## What is expected
Exactly reproduce each entry, leaving out nothing.

## Task input
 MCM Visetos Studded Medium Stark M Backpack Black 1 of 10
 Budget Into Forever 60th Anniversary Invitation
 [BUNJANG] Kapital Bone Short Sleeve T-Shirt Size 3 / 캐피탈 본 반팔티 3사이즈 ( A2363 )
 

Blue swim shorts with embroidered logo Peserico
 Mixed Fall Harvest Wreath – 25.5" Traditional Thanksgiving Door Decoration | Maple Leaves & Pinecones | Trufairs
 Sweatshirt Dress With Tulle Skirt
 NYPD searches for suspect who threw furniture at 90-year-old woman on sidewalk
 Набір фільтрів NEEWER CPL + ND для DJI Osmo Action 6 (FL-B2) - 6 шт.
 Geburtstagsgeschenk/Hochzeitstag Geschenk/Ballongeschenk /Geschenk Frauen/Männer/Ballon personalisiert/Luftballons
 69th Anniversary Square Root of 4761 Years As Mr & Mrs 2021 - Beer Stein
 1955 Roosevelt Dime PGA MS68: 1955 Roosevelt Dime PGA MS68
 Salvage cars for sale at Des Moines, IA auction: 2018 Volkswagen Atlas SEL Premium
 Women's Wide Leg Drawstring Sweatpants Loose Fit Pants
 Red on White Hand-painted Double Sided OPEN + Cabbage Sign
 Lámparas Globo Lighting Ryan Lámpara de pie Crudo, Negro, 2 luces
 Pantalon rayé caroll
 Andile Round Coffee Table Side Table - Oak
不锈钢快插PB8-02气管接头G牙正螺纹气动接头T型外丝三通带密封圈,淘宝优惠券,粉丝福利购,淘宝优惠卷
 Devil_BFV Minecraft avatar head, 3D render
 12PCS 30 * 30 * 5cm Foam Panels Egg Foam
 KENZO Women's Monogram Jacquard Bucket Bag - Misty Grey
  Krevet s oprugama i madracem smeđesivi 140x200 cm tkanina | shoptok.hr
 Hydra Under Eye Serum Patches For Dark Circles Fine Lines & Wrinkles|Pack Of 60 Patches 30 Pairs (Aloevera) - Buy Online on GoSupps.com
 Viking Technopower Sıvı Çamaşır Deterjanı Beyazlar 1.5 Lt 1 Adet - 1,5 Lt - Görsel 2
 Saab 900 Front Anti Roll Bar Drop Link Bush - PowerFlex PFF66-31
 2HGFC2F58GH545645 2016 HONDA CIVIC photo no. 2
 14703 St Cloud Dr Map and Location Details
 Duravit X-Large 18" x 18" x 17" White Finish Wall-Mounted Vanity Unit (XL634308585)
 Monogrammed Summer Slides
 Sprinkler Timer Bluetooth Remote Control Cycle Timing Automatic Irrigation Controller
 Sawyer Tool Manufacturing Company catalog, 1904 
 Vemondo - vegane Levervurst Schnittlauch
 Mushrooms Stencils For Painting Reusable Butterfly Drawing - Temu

## Solution
 MCM Visetos Studded Medium Stark M Backpack Black 1 of 10
 Budget Into Forever 60th Anniversary Invitation
 [BUNJANG] Kapital Bone Short Sleeve T-Shirt Size 3 / 캐피탈 본 반팔티 3사이즈 ( A2363 )
 

Blue swim shorts with embroidered logo Peserico
 Mixed Fall Harvest Wreath – 25.5" Traditional Thanksgiving Door Decoration | Maple Leaves & Pinecones | Trufairs
 Sweatshirt Dress With Tulle Skirt
 NYPD searches for suspect who threw furniture at 90-year-old woman on sidewalk
 Набір фільтрів NEEWER CPL + ND для DJI Osmo Action 6 (FL-B2) - 6 шт.
 Geburtstagsgeschenk/Hochzeitstag Geschenk/Ballongeschenk /Geschenk Frauen/Männer/Ballon personalisiert/Luftballons
 69th Anniversary Square Root of 4761 Years As Mr & Mrs 2021 - Beer Stein
 1955 Roosevelt Dime PGA MS68: 1955 Roosevelt Dime PGA MS68
 Salvage cars for sale at Des Moines, IA auction: 2018 Volkswagen Atlas SEL Premium
 Women's Wide Leg Drawstring Sweatpants Loose Fit Pants
 Red on White Hand-painted Double Sided OPEN + Cabbage Sign
 Lámparas Globo Lighting Ryan Lámpara de pie Crudo, Negro, 2 luces
 Pantalon rayé caroll
 Andile Round Coffee Table Side Table - Oak
不锈钢快插PB8-02气管接头G牙正螺纹气动接头T型外丝三通带密封圈,淘宝优惠券,粉丝福利购,淘宝优惠卷
 Devil_BFV Minecraft avatar head, 3D render
 12PCS 30 * 30 * 5cm Foam Panels Egg Foam
 KENZO Women's Monogram Jacquard Bucket Bag - Misty Grey
  Krevet s oprugama i madracem smeđesivi 140x200 cm tkanina | shoptok.hr
 Hydra Under Eye Serum Patches For Dark Circles Fine Lines & Wrinkles|Pack Of 60 Patches 30 Pairs (Aloevera) - Buy Online on GoSupps.com
 Viking Technopower Sıvı Çamaşır Deterjanı Beyazlar 1.5 Lt 1 Adet - 1,5 Lt - Görsel 2
 Saab 900 Front Anti Roll Bar Drop Link Bush - PowerFlex PFF66-31
 2HGFC2F58GH545645 2016 HONDA CIVIC photo no. 2
 14703 St Cloud Dr Map and Location Details
 Duravit X-Large 18" x 18" x 17" White Finish Wall-Mounted Vanity Unit (XL634308585)
 Monogrammed Summer Slides
 Sprinkler Timer Bluetooth Remote Control Cycle Timing Automatic Irrigation Controller
 Sawyer Tool Manufacturing Company catalog, 1904 
 Vemondo - vegane Levervurst Schnittlauch
 Mushrooms Stencils For Painting Reusable Butterfly Drawing - Temu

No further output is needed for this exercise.